The stacked BiLSTM–Adaboost model demonstrates significant advantages in GABA detection. Its core strength lies in fully leveraging BiLSTM’s deep processing capability for spectral sequence information, enabling it to accurately capture latent dependencies between different wavelengths [60]. Simultaneously, by utilizing Adaboost’s ensemble learning mechanism, the model substantially enhances its fitting capacity and generalization ability for complex data. Vergara-Diaz O [61] established a detection model for wheat NIR spectral data and GABA using PLS, achieving an R2 = 0.71. Consequently, compared to traditional machine learning models, this stacked model can more efficiently handle the nonlinear relationships and long-range dependencies within spectral data, significantly improving detection accuracy. In the vitamin B9 detection, this model effectively captures the complex spectral features of folic acid molecules, markedly boosting prediction accuracy and stability. Compared to GABA detection, the key wavelengths for vitamin B9 are more broadly distributed, involving more molecular structural characteristics, which places higher demands on the model’s learning capability. The stacked BiLSTM–Adaboost model [62], with its unique architecture and ensemble learning advantages, successfully meets this requirement.
However, this study still has certain limitations. Firstly, the limited sample size—covering only 190 samples from 19 varieties across one production region—may affect the model’s generalizability. Future research should expand the scope and quantity of samples to enhance the model’s robustness. Secondly, potential issues in broader application exist: as foxtail millet from different regions varies in growth environments (e.g., soil, climate), its GABA and vitamin B9 content and spectral characteristics may differ. The model’s applicability to millet from other production areas requires further validation. Finally, limitations arise in real-time or field applications. The current detection process requires professionals to operate spectrometers and perform data preprocessing, making it challenging to meet the demand for rapid field detection. Subsequent efforts should integrate portable spectral devices and lightweight model algorithms to optimize the detection process and reduce detection time, thereby improving practicality.

5. Conclusions

This study focuses on the application of near-infrared spectroscopy (NIRS) technology for the nondestructive detection of γ-aminobutyric acid (GABA) and vitamin B9 in millet. Innovatively, it proposes four key variable extraction strategies—iRF-CARS, iRF-BOSS, iVISSA-CARS, and iVISSA-BOSS—and establishes detection models centered on these strategies.
Initially, the study systematically analyzed the GABA and vitamin B9 content across diverse millet varieties.
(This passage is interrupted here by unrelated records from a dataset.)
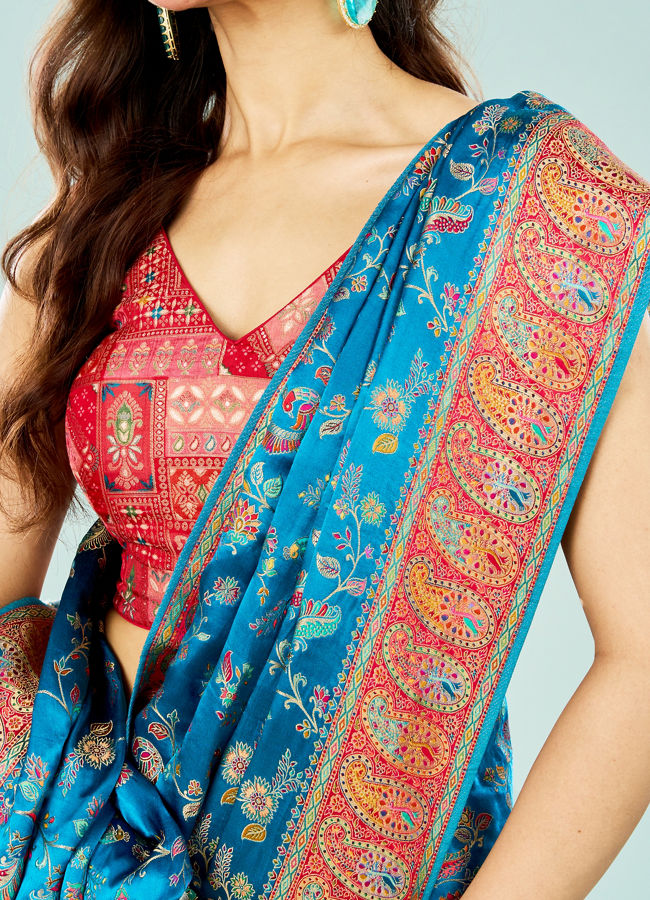 Mohey Women Teal Blue Banarasi Art Silk Saree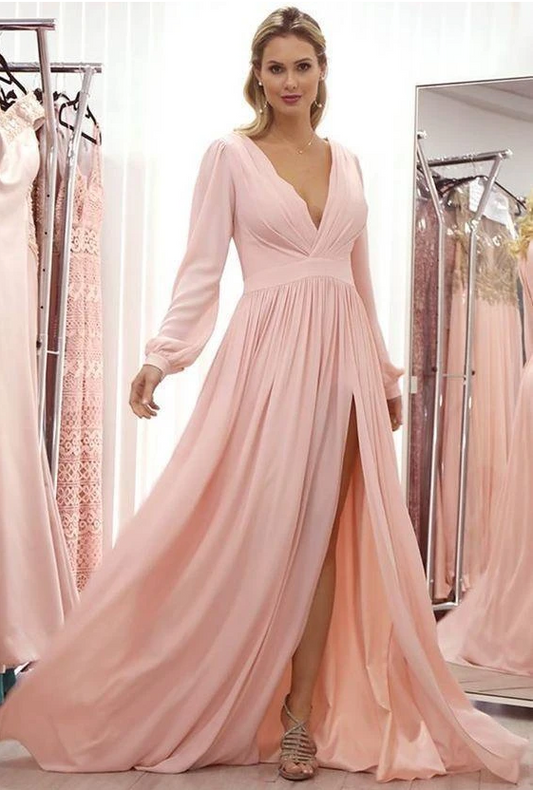 Long Sleeves Pink Chiffon Party prom Dress   cg9660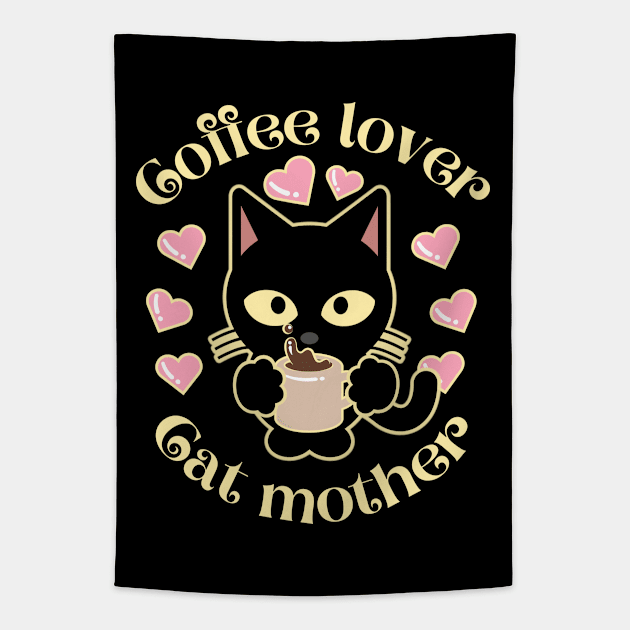 Coffee Lover Cat Mother Tapestry by FullOnNostalgia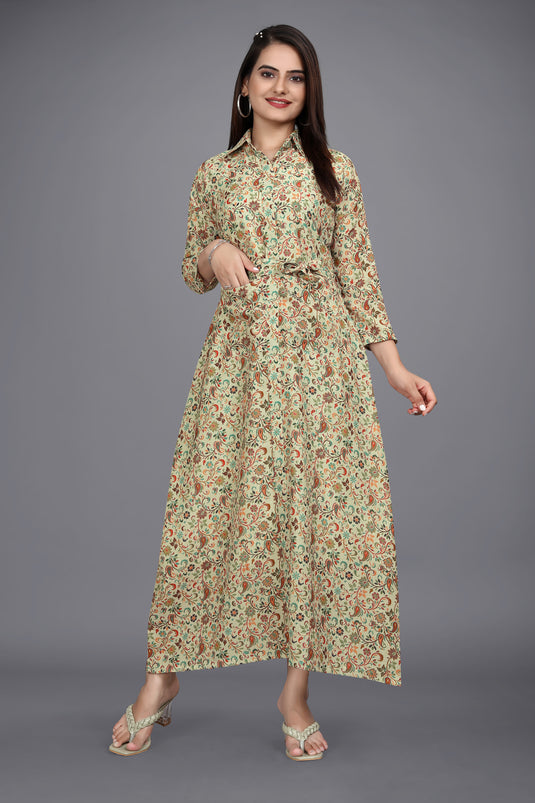 The Vendorvilla New Luxury Linen Long Calf Length Printed Kurti - thevendorvilla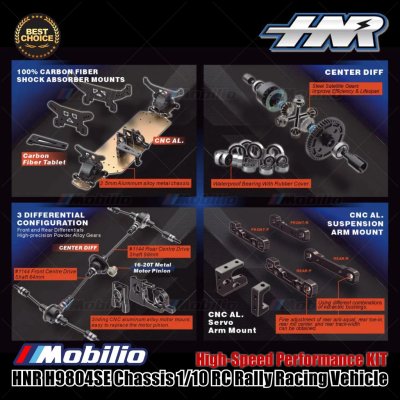 HNR H9804SE Chassis 1/10 RC Rally Racing Vehicle Car High-Speed Performance KIT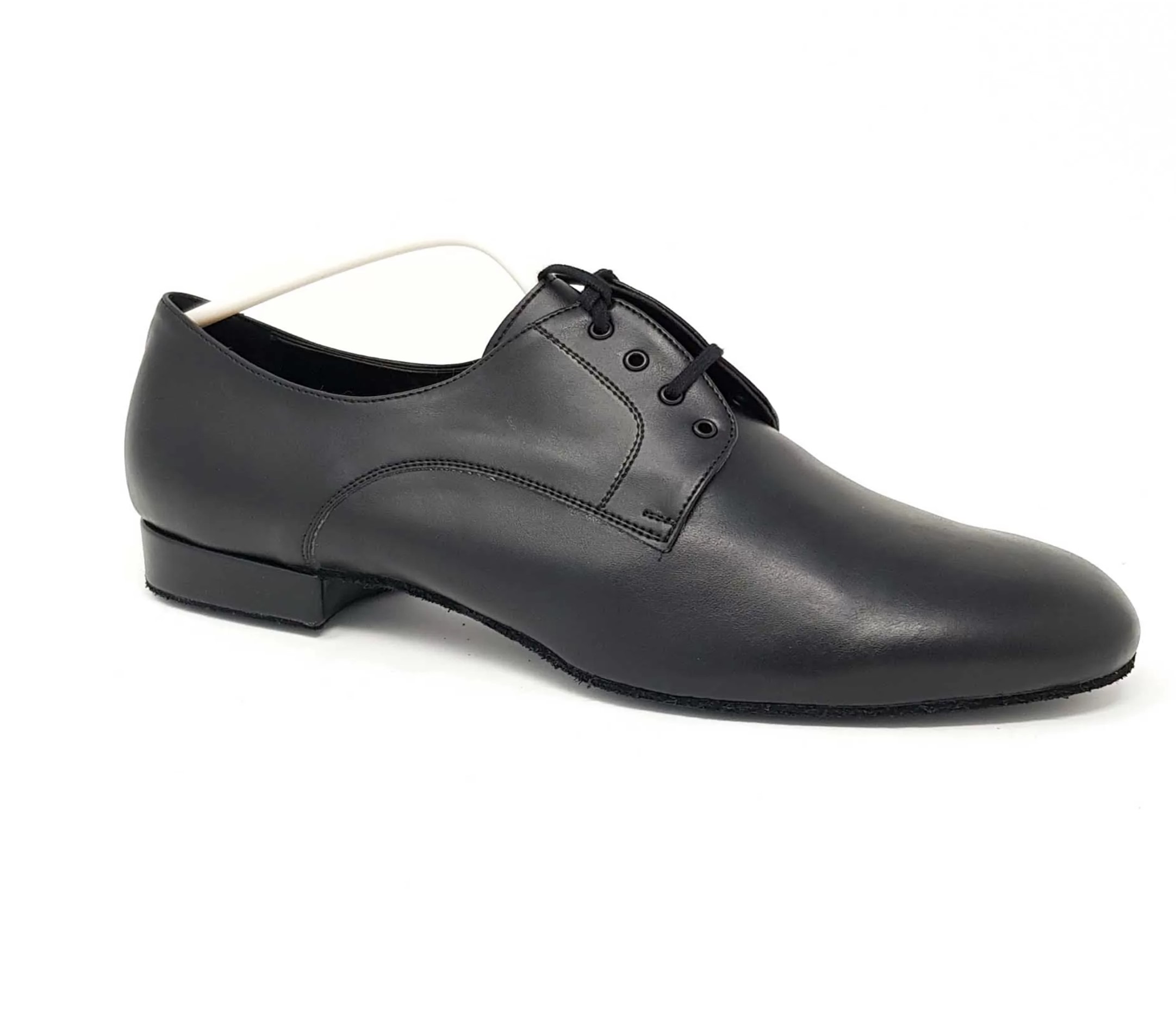 Chaussures de danse homme DERBY tout cuir noir très souple. Talon 2cm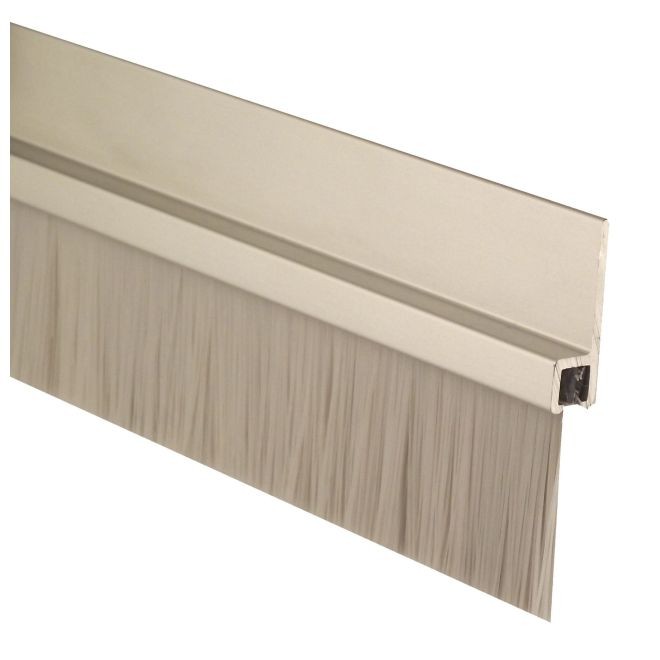 Pemko 18100CNB 36" 180 Degree Aluminum Retainer Weatherstrip with 1" Nylon Brush Clear Aluminum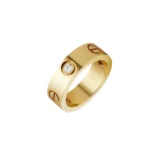 [CA]LOVE RING 5.5MM 3 DIAMONDS GOLD - Image 3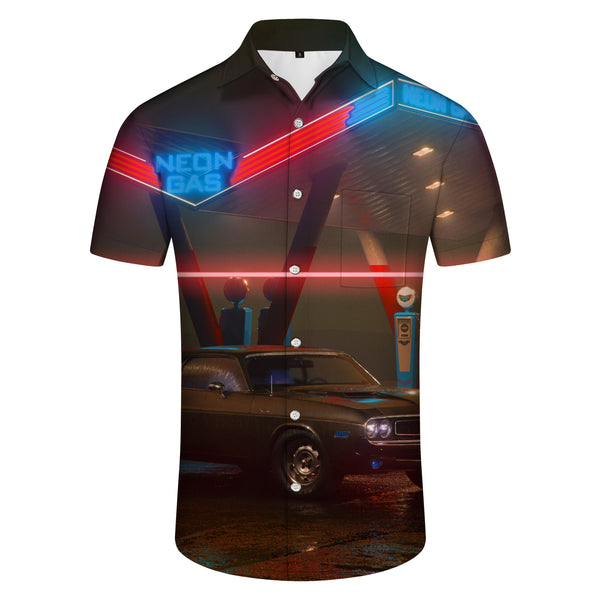 
Retro Car Vintage Cyberpunk Men's Casual Printed Pattern Shirt Hawaiian Beach Short Sleeve
                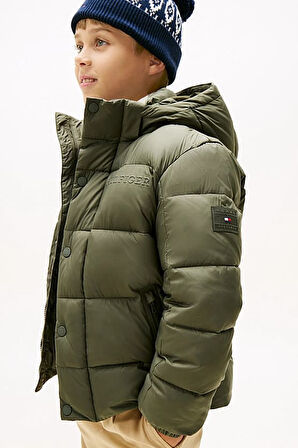 Erkek Çocuk Kabartma Yazı Logolu Kapüşonlu Şişme Mont - Haki | 10 Yaş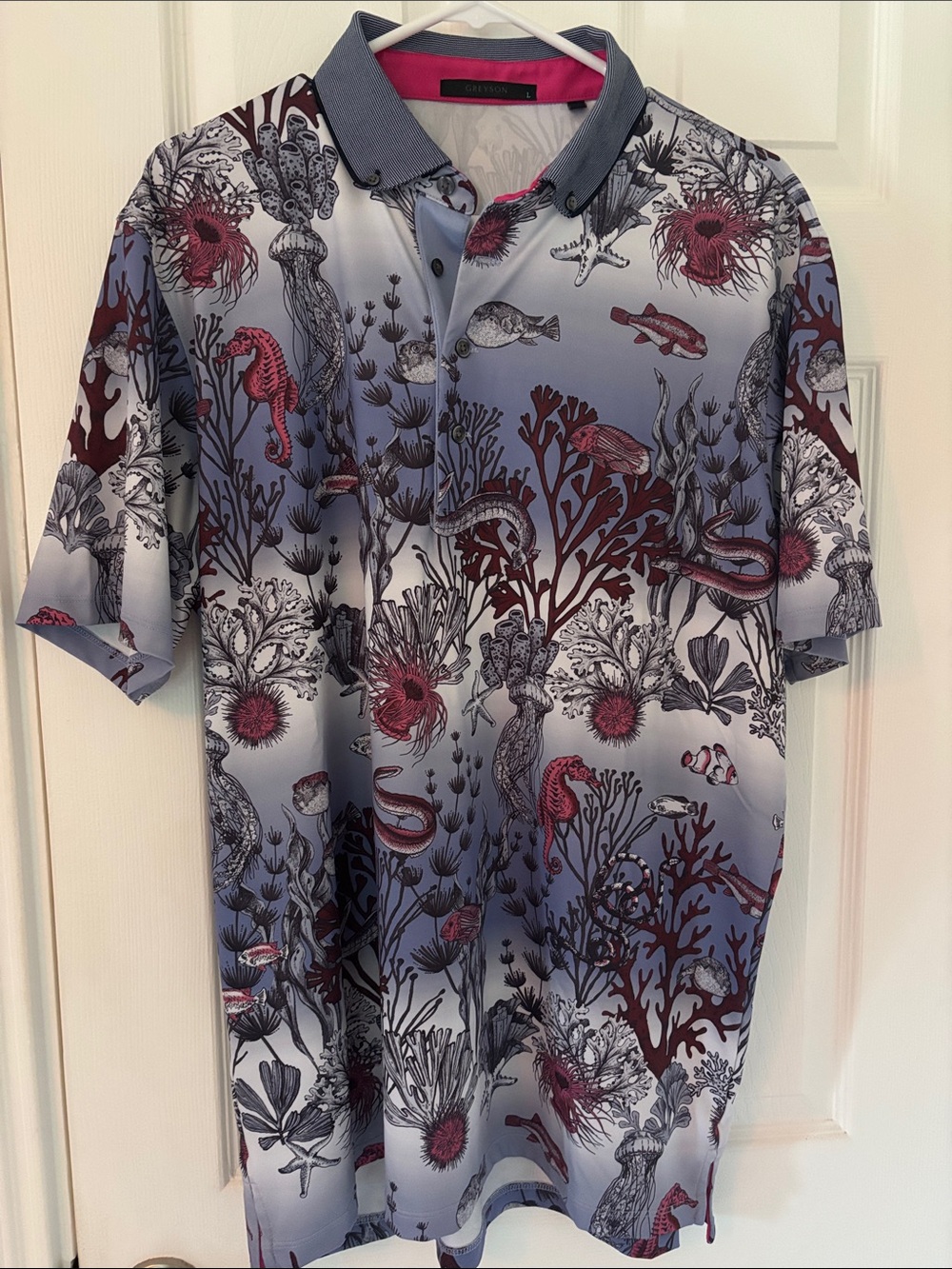 Men’s Printed Sea Life Polo Shirt - Blue/Maroon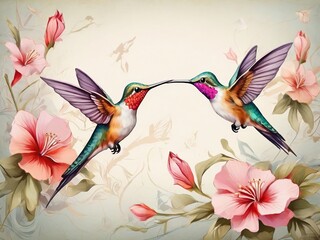  hummingbirds floral background, calm, peaceful, painterly, wallpaper, printed, poste
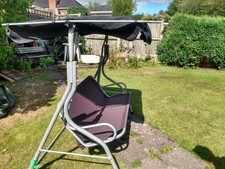 3 Seater Garden Outdoor Swing Chair Patio Hammock with Roof Cover Canopy Grey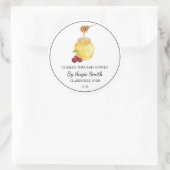 Simple Cherry Infused Honey Label ラウンドシール (バッグ)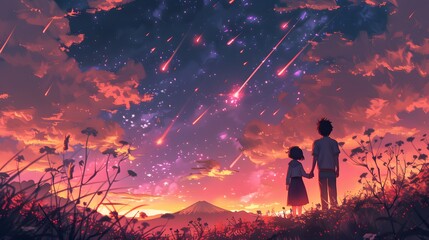 A pair of children hold hands, awestruck by the beauty of a meteor shower streaking across the dusky sky above a tranquil landscape, Digital art style, illustration painting.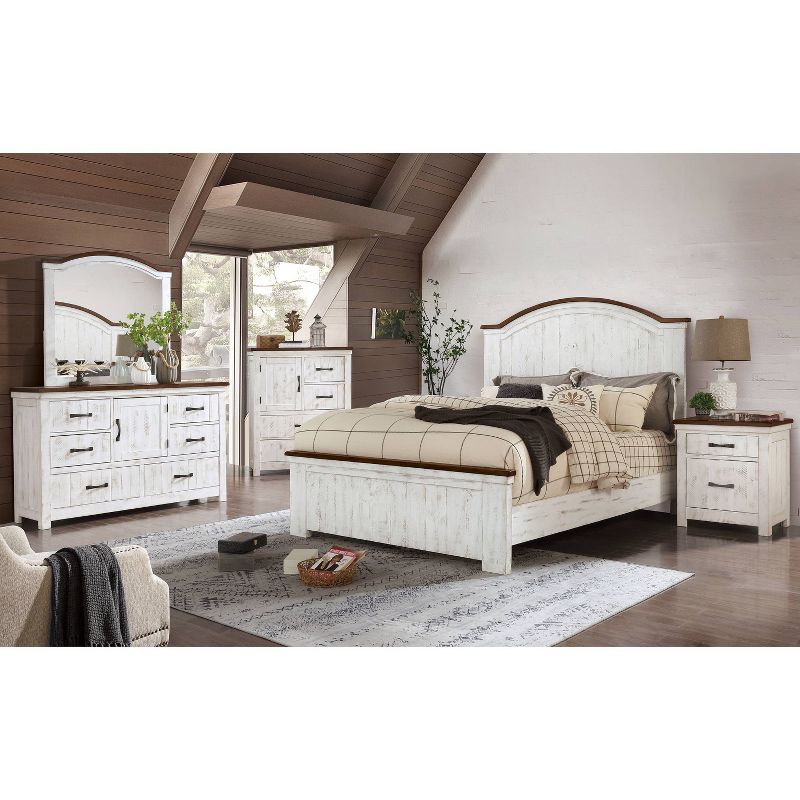2pc Queen Willow Rustic Bedroom Set Distressed White/Walnut - HOMES: Inside + Out, 6 of 12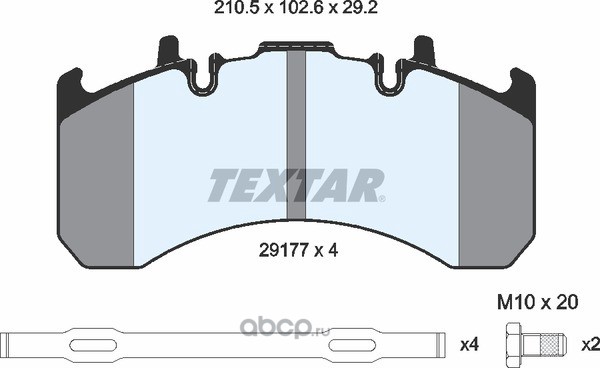 2917705 Колодки тормозные VOLVO FH дисковые (211x100x30) (4шт.) TEXTAR — фото 255x150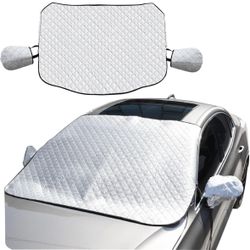 Car Windshield Snow Cover with Side Mirror Cover, 4 Layers Winter Frost Protection for Any Weather, Windscreen Covers with Magnetic Edges, Front Windo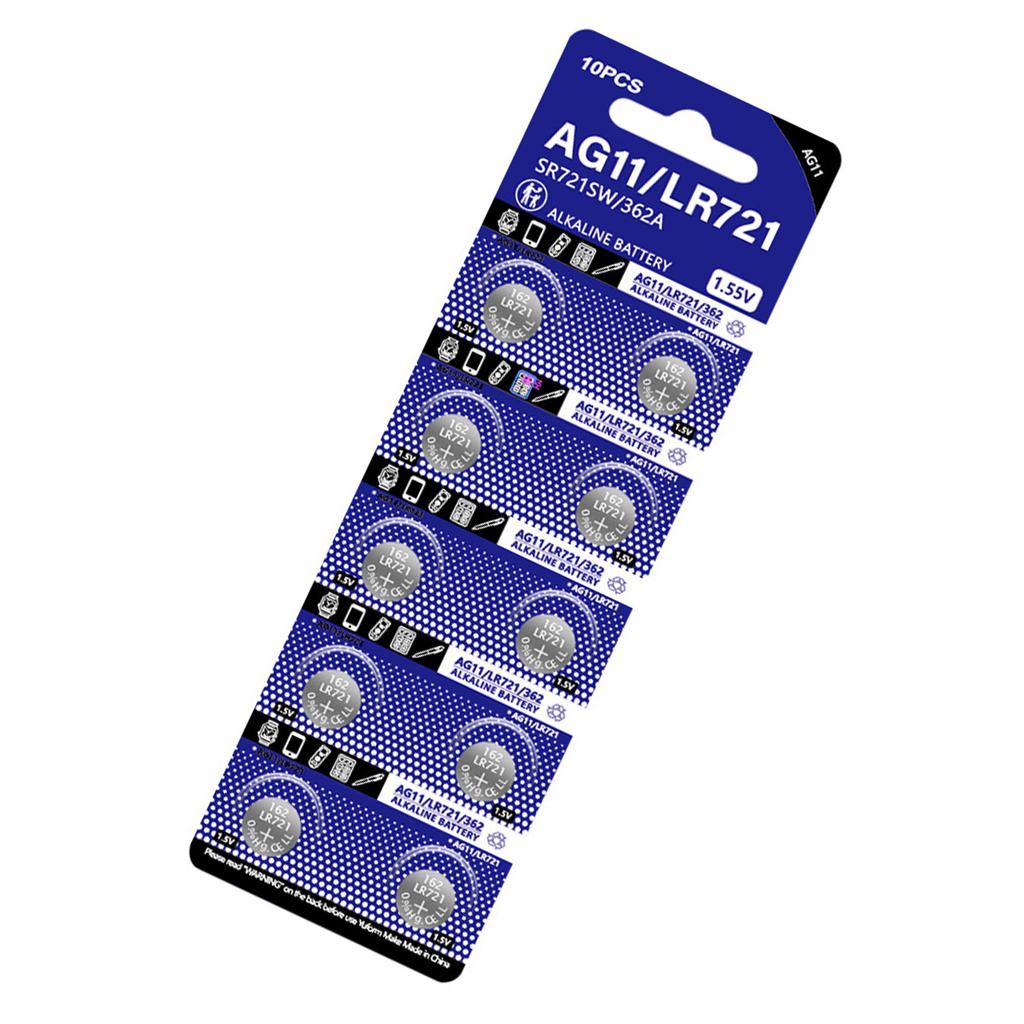 Pack of 10pcs/sheet LR721 Alkaline Button Batteries 1.5V Coin Cell Battery for Watches Calculators and Digital Cameras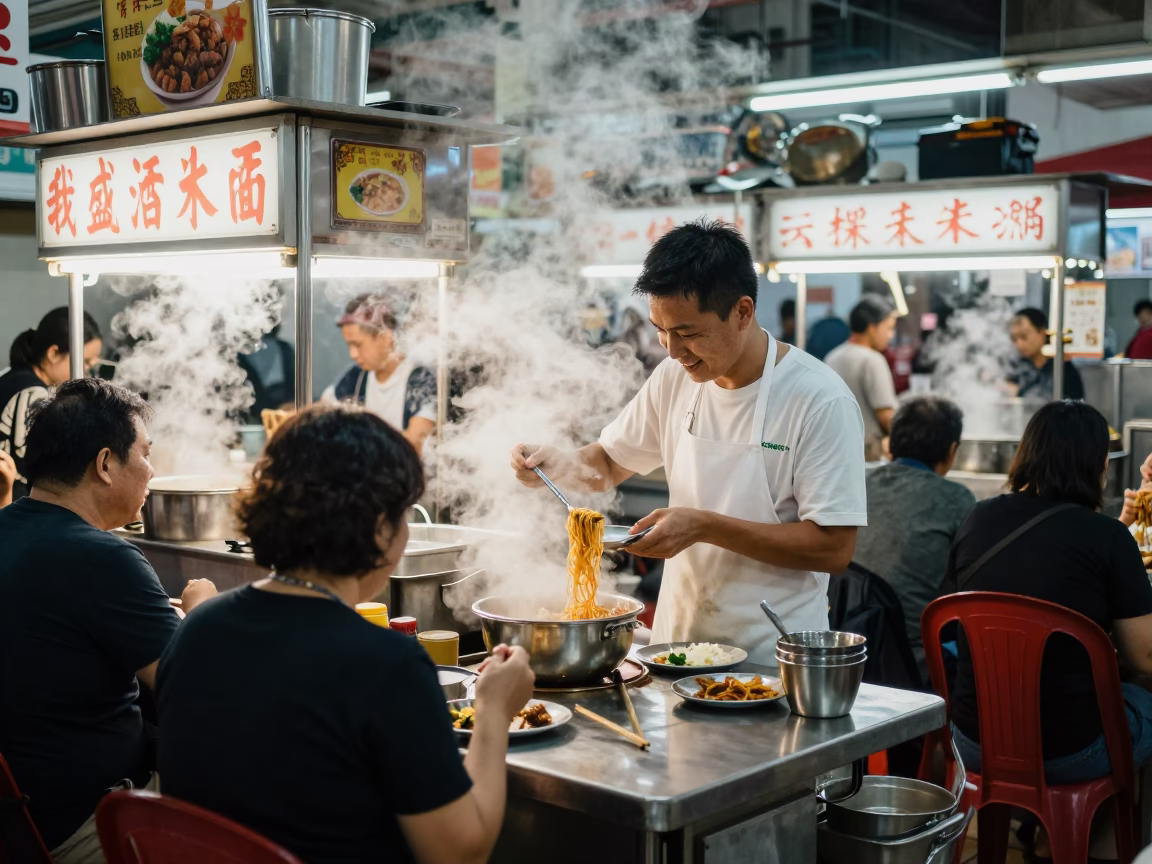 Early Morning Hawker Centre Street Food Stall Activity in Singapore City Market in in Singapore, Singapore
The results indicated significant inter-varietal differences, which may be closely associated with factors such as the millet’s genetic characteristics and environmental adaptability. These findings provide a critical foundation for the precise screening of nutrient-rich millet varieties.
Furthermore, the study integrates the four proposed key extraction strategies with a stacked BiLSTM–Adaboost model. The experimental results demonstrate that the key wavelength screening method introduced in this work effectively reduces data dimensionality and enhances critical information. Consequently, the stacked BiLSTM–Adaboost model exhibits significantly improved performance in detecting GABA and vitamin B9 content in millet, achieving not only substantially higher prediction accuracy but also markedly enhanced model stability.
Future research will proceed in several directions:
  • Expanding the sample size to encompass more millet varieties will facilitate investigation into the specific mechanisms by which genetic and environmental factors influence GABA and vitamin B9 content, aiming to develop more robust variety screening models.
  • For the stacked BiLSTM–Adaboost model, we plan to optimize its architecture and hyperparameters while exploring integration with other deep learning techniques to enhance its generalization capability and detection efficiency.
  • Extending the research scope to include spectral detection of other nutritional components in millet, we will leverage existing key extraction strategies and modeling expertise to establish multi-component simultaneous detection models.
This integrated approach will provide comprehensive technical support for millet quality evaluation and functional food development.

Supplementary Materials

The following supporting information can be downloaded at: https://www.mdpi.com/article/10.3390/agronomy15092077/s1, Table S1: The detailed information on tested millet varieties. Table S2: Stacked BiLSTM-AdaBoost model results using millet GABA raw data (RAW), preprocessed data (PD), and key extracted data. Table S3: Stacked BiLSTM-AdaBoost model results using millet vitamin B9 raw data (RAW), preprocessed data (PD), and key extracted data.

Author Contributions

Conceptualization, A.Z. and E.G.; methodology, G.W.; software, G.W.; validation, E.G., P.Z., and G.W.; formal analysis, E.G.; investigation, J.H.; resources, W.Y.; data curation, J.H.; writing—original draft preparation, E.G.; writing—review and editing, G.W.; visualization, W.Y.; supervision, A.Z.; project administration, A.Z.; funding acquisition, A.Z. All authors have read and agreed to the published version of the manuscript.

Funding

This research was funded by Shanxi Agricultural University Academic Revitalization Project (2023XSHF1); Shanxi Agricultural University Talent Introduction Research Start-up Project (2023BQ127); the National Key Research and Development Program of China (2023YFD1202704); the Construction Project of the National Modern Agricultural Industry Technology System (CARS-06-14.5-A21); and the Construction Project of the Modern Agricultural Industrial Technology System in Shanxi Province (2023CYJSTX04-04).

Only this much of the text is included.